DATASET RECORDS section start

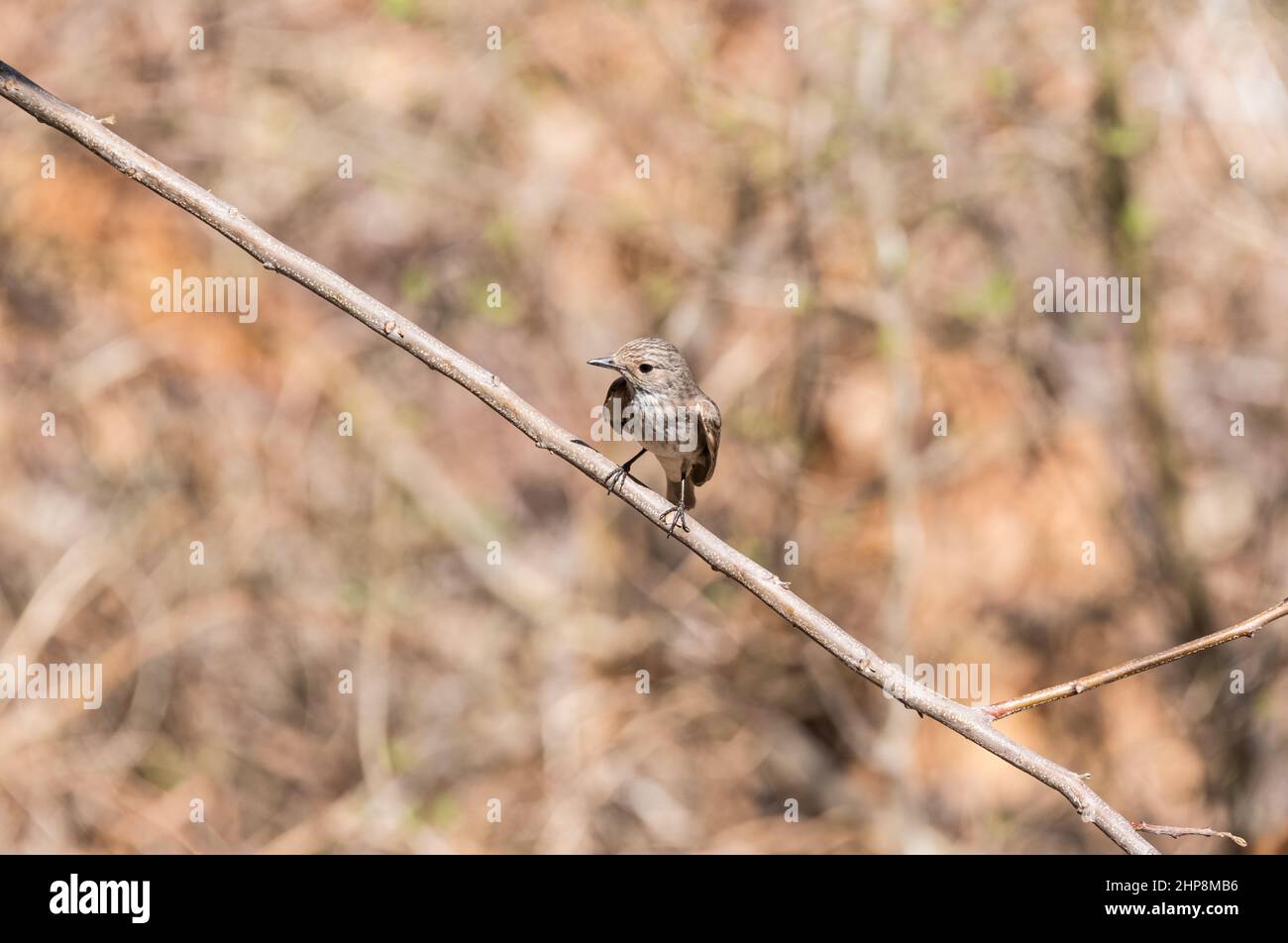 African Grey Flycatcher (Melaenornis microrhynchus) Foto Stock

DATASET RECORDS section end
DATASET RECORDS section start

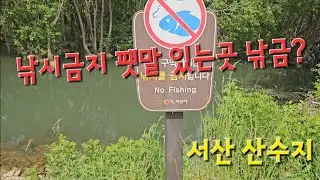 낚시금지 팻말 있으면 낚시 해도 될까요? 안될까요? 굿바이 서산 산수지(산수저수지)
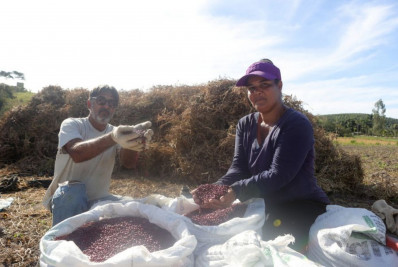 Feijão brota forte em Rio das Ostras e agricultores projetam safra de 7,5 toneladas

DATASET RECORDS section end

_WHAT IS NEEDED_:
Copy out the listing above from the line containing "낚시금지 팻말 있으면" to the line containing "Feijão brota forte", both included, exactly as written and minus the images.

_REPLY TO THE TASK_:
 낚시금지 팻말 있으면 낚시 해도 될까요? 안될까요? 굿바이 서산 산수지(산수저수지)
 Feijão brota forte em Rio das Ostras e agricultores projetam safra de 7,5 toneladas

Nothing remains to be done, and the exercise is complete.